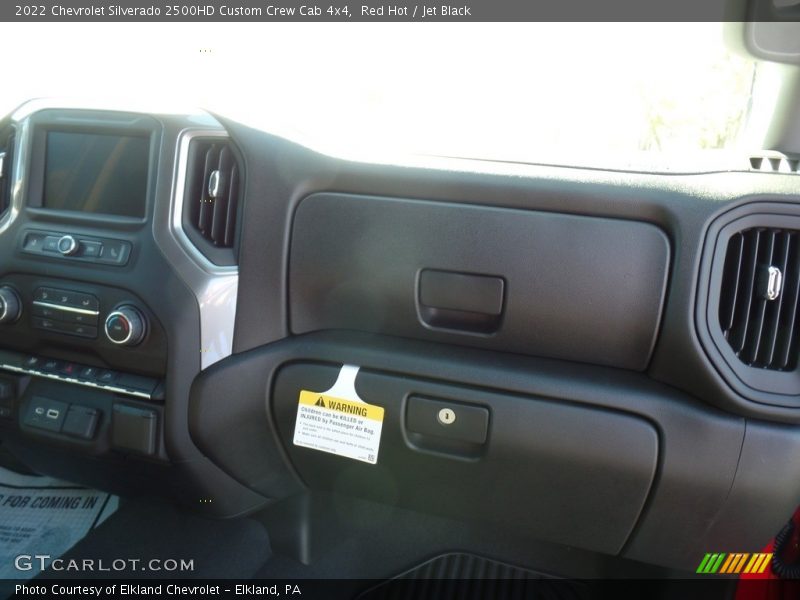 Red Hot / Jet Black 2022 Chevrolet Silverado 2500HD Custom Crew Cab 4x4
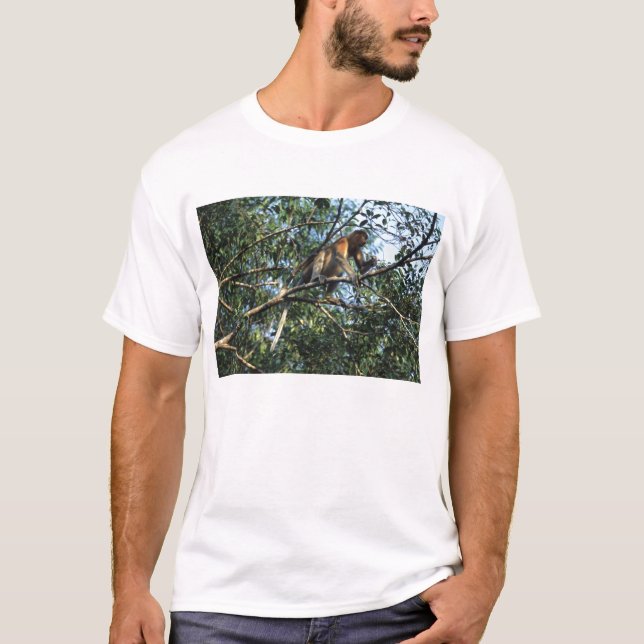 Camisa do macaco de Proboscis T (Frente)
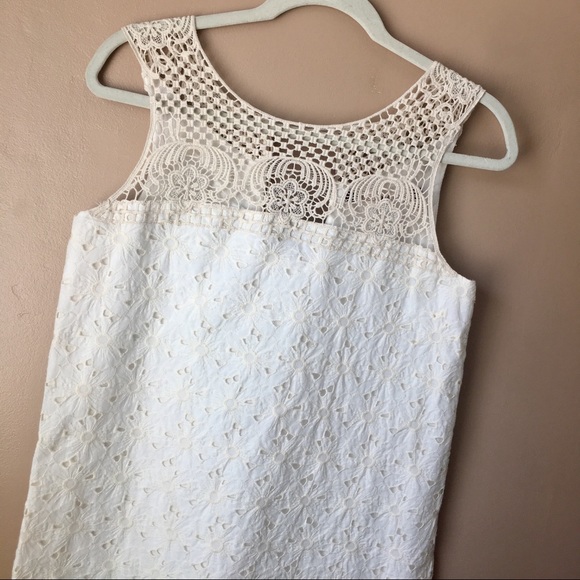 Anthropologie Dresses & Skirts - Chelsea&Violet Sleeveless Crochet Dress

···

Directions – Reproduce the data in full. Do not carry over any picture.

Response box –
 Red Hot / Jet Black 2022 Chevrolet Silverado 2500HD Custom Crew Cab 4x4
 Camisa do macaco de Proboscis T (Frente)
 Anthropologie Dresses & Skirts - Chelsea&Violet Sleeveless Crochet Dress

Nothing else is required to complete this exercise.